Rhoda Nageak skinned a seal in 57 seconds. Homer Lord carried four grown men a distance of 187 feet without dropping them. And Michael Paulsen walked 2,886 feet 10 inches with 31 one-pound weights hung from his ear. Eskimo-Indian Olympics, written by Wendell Cultice and illustrated by Jeremy Garrett, describes these events and others that comprise the competition. The author also lists event record holders and provides a very brief history to ground the events contextually.
As principal of Austin E. Lathrop High School in Fairbanks, where the Eskimo Olympics originated in 1961, and president of the Alaska High School Activities Association for four years, author, historian, and educator Wendell Cultice has strong credentials for writing Eskimo-Indian Olympics.
Cultice notes that the contests are “tests of pain, endurance, and agility which have been handed down in [Eskimo] villages for centuries.” They test participants’ mettle, particularly as it relates to Arctic survival skills such as hunting and whaling.
As a nonfiction compendium of the events that constitute the Eskimo-Indian Olympics, Cultice’s book achieves its stated goal.
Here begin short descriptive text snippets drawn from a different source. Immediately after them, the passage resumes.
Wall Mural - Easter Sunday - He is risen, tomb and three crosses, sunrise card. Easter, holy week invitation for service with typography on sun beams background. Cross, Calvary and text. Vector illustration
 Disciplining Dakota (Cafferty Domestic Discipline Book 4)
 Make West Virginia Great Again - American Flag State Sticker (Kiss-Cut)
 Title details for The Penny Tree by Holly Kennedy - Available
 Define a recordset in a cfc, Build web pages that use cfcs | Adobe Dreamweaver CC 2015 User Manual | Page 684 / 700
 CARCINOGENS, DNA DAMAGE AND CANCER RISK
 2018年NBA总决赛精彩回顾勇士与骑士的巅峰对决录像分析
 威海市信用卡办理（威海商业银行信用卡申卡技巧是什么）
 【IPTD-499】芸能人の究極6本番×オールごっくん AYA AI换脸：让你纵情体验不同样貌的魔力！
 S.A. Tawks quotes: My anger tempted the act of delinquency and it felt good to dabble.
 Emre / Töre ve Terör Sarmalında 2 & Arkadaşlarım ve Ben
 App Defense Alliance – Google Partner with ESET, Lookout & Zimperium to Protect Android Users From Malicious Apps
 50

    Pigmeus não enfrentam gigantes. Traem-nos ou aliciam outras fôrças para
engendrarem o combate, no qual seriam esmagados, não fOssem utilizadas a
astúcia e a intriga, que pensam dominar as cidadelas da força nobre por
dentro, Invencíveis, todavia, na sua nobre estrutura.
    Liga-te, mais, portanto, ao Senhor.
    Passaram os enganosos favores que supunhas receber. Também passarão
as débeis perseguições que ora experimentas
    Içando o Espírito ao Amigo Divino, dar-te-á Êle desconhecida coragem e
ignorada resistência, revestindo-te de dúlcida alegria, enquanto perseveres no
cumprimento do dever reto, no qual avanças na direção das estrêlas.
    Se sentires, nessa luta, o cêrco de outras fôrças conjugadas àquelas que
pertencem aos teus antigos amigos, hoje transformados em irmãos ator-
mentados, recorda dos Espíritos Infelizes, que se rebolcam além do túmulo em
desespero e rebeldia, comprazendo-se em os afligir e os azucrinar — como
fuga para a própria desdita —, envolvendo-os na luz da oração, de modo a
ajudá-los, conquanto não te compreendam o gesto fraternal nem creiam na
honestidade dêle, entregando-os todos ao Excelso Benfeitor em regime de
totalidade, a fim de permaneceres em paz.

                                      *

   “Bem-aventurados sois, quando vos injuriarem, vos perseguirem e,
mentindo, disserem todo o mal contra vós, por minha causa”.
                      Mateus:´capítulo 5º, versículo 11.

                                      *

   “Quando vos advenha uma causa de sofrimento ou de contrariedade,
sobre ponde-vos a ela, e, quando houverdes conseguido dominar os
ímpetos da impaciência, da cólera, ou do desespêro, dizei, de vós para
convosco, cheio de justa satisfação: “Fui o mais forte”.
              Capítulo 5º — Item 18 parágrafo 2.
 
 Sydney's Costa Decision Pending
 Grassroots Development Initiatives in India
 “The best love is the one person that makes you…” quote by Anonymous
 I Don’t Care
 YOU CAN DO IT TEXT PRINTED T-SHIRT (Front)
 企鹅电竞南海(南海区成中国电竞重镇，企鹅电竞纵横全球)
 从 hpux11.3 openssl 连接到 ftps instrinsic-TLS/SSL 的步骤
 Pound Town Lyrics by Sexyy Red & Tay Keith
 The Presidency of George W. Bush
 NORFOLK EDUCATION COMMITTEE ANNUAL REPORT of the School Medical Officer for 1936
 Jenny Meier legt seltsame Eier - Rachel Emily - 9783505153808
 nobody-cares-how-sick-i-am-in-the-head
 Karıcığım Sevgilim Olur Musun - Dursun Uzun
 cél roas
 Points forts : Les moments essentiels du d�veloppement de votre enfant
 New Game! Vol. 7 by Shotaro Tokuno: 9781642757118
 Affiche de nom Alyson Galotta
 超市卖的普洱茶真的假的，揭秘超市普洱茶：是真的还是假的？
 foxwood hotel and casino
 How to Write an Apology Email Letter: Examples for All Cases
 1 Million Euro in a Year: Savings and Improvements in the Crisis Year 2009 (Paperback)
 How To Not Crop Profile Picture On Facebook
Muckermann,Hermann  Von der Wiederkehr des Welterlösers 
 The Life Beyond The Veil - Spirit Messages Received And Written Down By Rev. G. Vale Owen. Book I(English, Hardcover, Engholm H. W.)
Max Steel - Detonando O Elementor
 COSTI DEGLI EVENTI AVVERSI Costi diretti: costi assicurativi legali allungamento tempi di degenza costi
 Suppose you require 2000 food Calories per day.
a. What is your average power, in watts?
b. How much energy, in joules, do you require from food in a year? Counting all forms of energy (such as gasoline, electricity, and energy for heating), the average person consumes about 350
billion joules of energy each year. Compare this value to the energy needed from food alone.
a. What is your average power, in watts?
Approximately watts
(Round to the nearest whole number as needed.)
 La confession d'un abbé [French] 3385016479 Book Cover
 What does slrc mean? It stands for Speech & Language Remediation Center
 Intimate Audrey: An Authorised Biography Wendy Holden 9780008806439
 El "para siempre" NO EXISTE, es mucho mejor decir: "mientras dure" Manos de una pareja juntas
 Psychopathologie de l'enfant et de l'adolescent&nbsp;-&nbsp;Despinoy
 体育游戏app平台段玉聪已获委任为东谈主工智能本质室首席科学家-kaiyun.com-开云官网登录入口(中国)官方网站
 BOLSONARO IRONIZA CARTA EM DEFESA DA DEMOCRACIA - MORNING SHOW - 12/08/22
To involve the reader, the author may have chosen to embed descriptions of the Olympics’ events within a fictional story of an Eskimo youth who overcomes obstacles in his desire to compete and win; the events could have come alive in stupendous fashion. That approach could have engaged readers more completely and, as a result, given them a better understanding of the connections between the events and participants’ ability to flourish in the Arctic, certainly among the harshest of environments on Earth.
Still, the author’s clear, sparse language makes content accessible even to younger readers. And Jeremy Garrett’s Inuit-style charcoal drawings clarify meaning where words alone do not suffice in creating an image. So, readers aged six to twelve years—boys, in particular—should find this text interesting.
But, caveat emptor: Kids being kids, youth may well attempt to recreate the events described in Eskimo-Indian Olympics. Certain contests—such as the excruciatingly painful ear pull competition and the belt wrestling event (which requires contestants bound in fetal position to “sit squarely on the other wrestler’s head”)—can result in serious physical trauma.
Adults who share this book with young readers would be well advised, therefore, to highlight and even expand upon the easy-to-miss admonition tacked to the end of the Table of Contents: “While the intent of this book is to be both entertaining and informative, it is not recommended that you attempt the events described.”